## EXERCISE AIM
Output the listing below, all of it, exactly as given.

## SOURCE INFORMATION
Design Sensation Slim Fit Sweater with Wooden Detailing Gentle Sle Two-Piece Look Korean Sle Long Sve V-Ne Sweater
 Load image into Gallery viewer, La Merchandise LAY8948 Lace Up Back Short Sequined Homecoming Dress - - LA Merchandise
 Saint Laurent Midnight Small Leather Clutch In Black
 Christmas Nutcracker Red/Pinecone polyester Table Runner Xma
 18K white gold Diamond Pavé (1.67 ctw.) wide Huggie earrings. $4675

## RESULT OF THIS TASK
Design Sensation Slim Fit Sweater with Wooden Detailing Gentle Sle Two-Piece Look Korean Sle Long Sve V-Ne Sweater
 Load image into Gallery viewer, La Merchandise LAY8948 Lace Up Back Short Sequined Homecoming Dress - - LA Merchandise
 Saint Laurent Midnight Small Leather Clutch In Black
 Christmas Nutcracker Red/Pinecone polyester Table Runner Xma
 18K white gold Diamond Pavé (1.67 ctw.) wide Huggie earrings. $4675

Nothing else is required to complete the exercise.